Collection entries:
===============
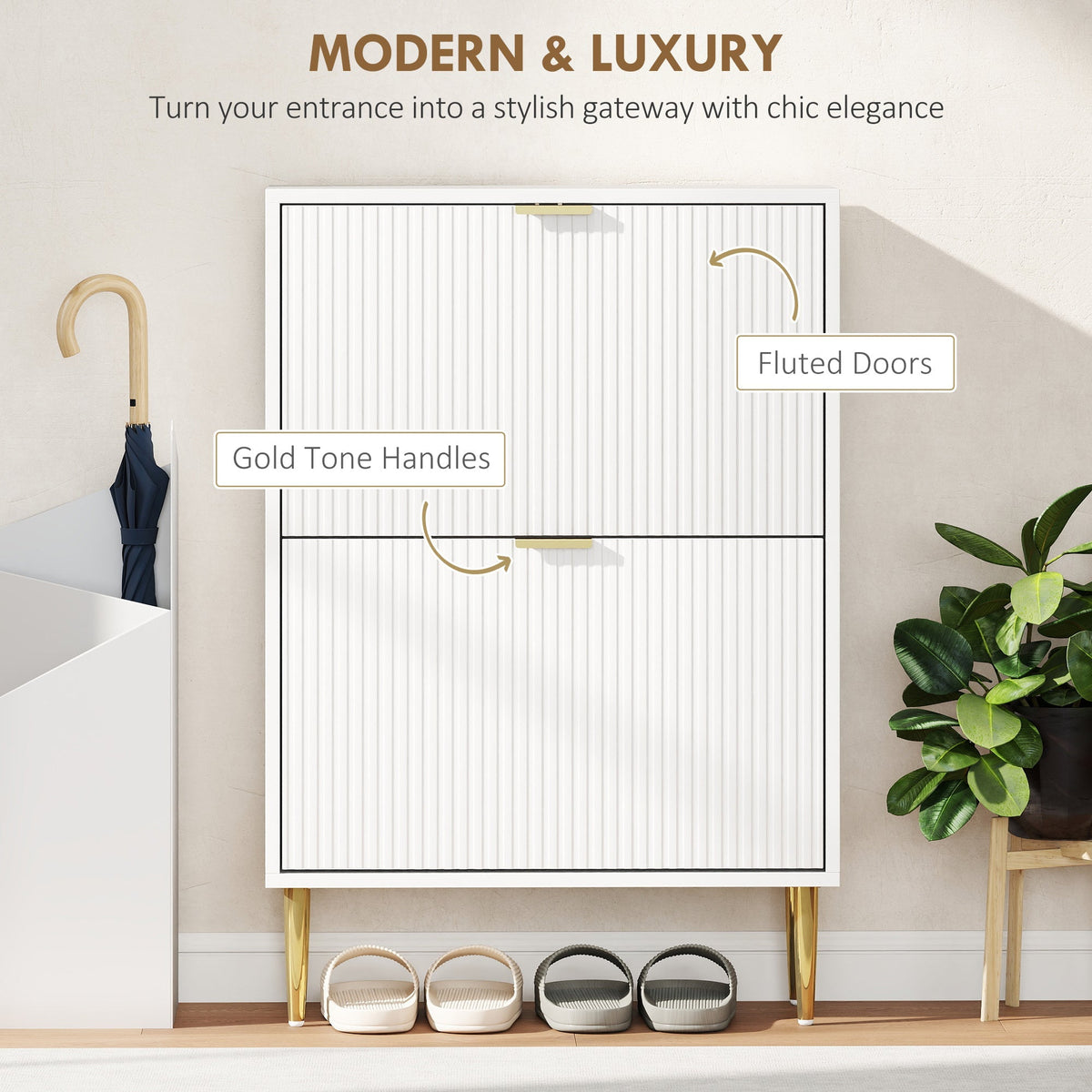 The shoe storage unit with closed doors highlighting the gold handles and fluted texture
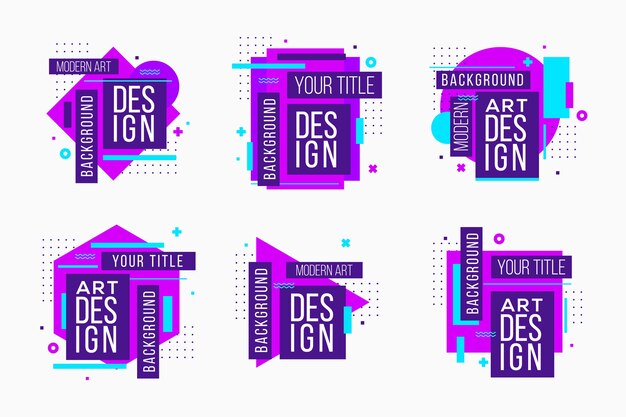 Etiquetas de diseño gráfico en estilo geométrico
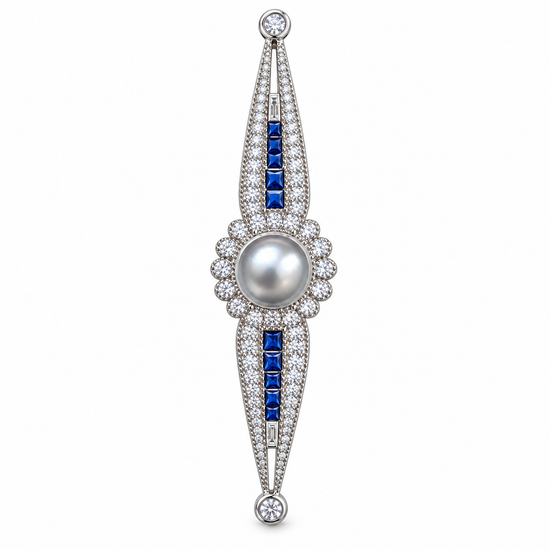 Grey pearl and blue stone brooch front view on white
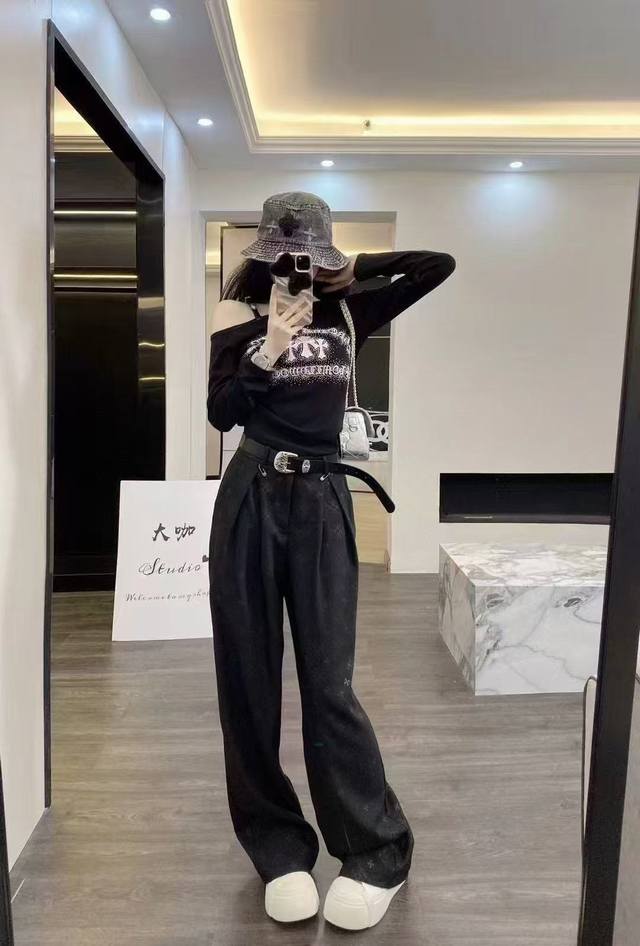 25Aw New autumn and winter Chrome Hearts print trousers wide-leg trousers with h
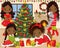 Vector Christmas and New Year Set with Cute Little African American Girls and Winter Elements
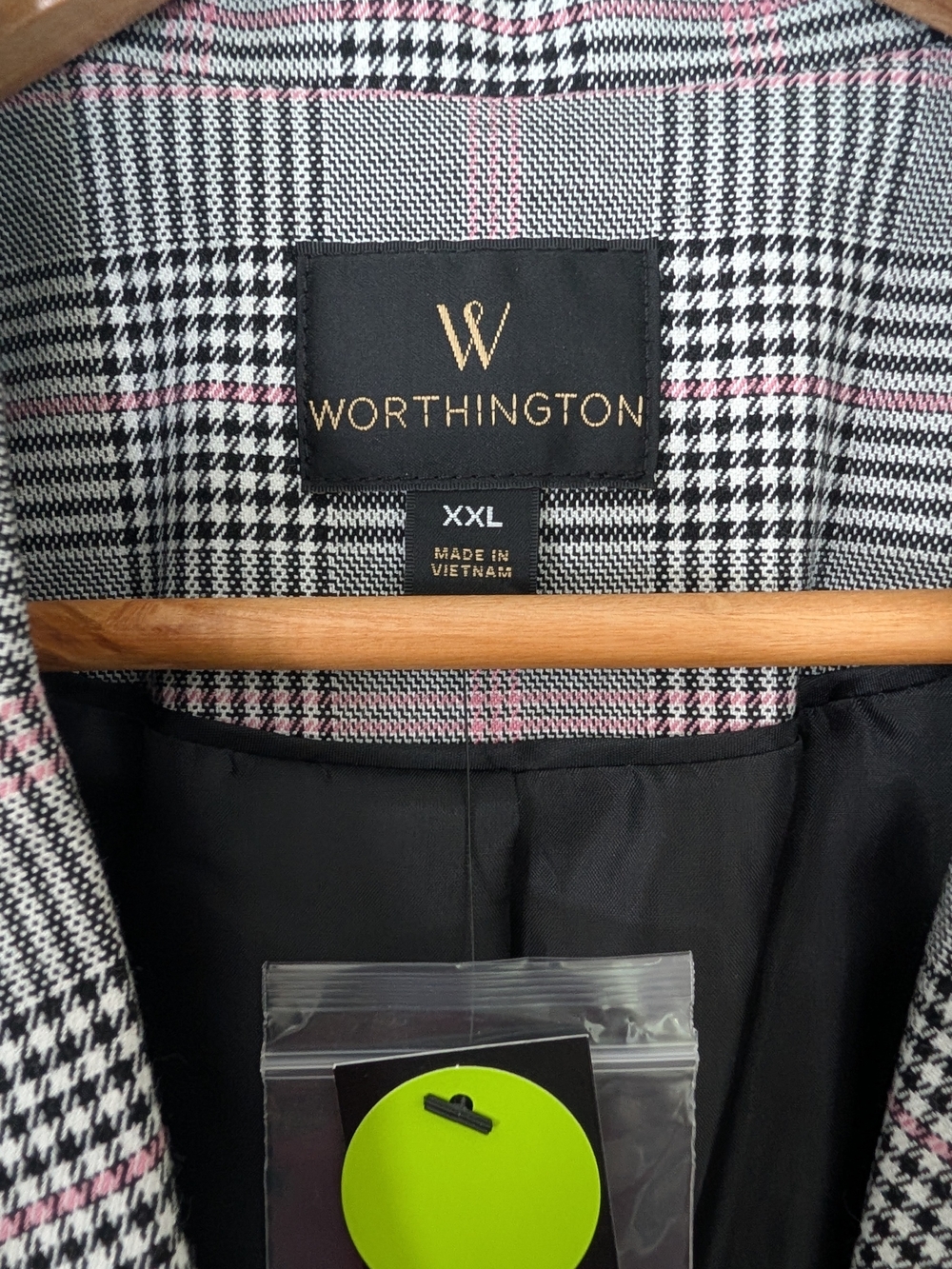 Worthington XXL Plaid Blazer NWT Pink Gray Black Menswear Inspired - Picture 3 of 10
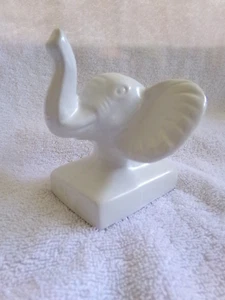 Greenbrier Small White Ceramic Elephant Head Trinket Holder WHITE ELEPHANT GIFT - Picture 1 of 9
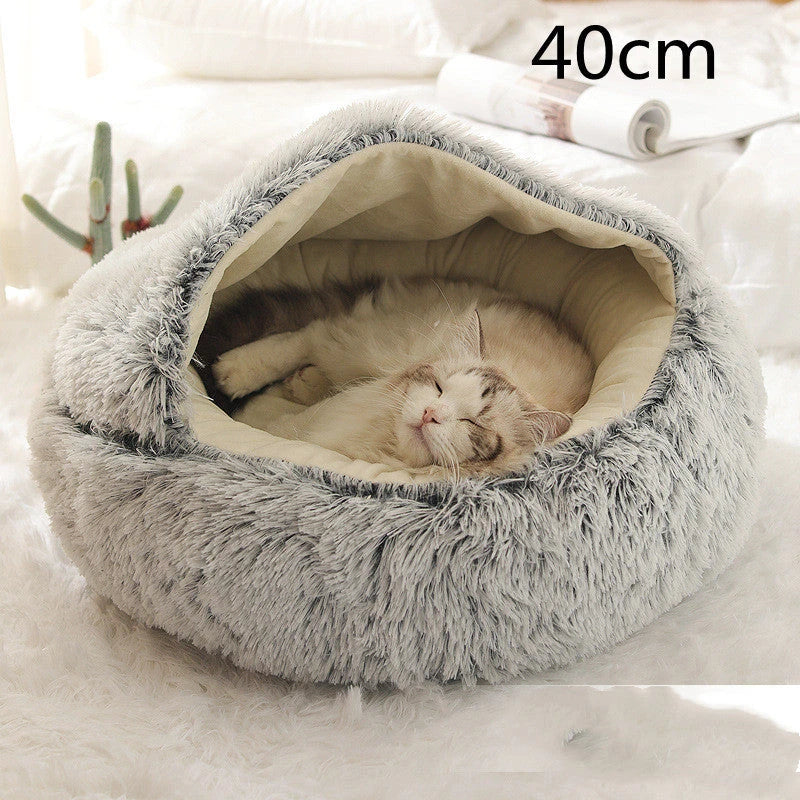 A soft, plush pet bed in various colors, including olive green, brown, pink, and grey, designed for the comfort and relaxation of cats and dogs.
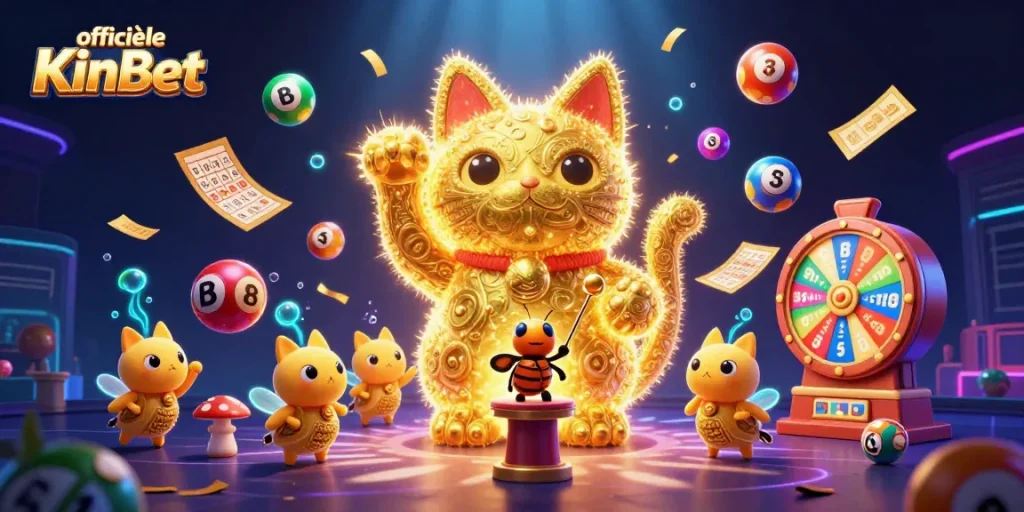 Experience the excitement of officiële KinBet with golden fireflies and dynamic casino elements in action.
===============
What to do
Give back exactly the lines above from the one with "Etiquetas de diseño" through the one with "25Aw New autumn", both included. Pictures don't belong in the copy.

Exercise output
 Etiquetas de diseño gráfico en estilo geométrico
 Grey pearl and blue stone brooch front view on white
 25Aw New autumn and winter Chrome Hearts print trousers wide-leg trousers with h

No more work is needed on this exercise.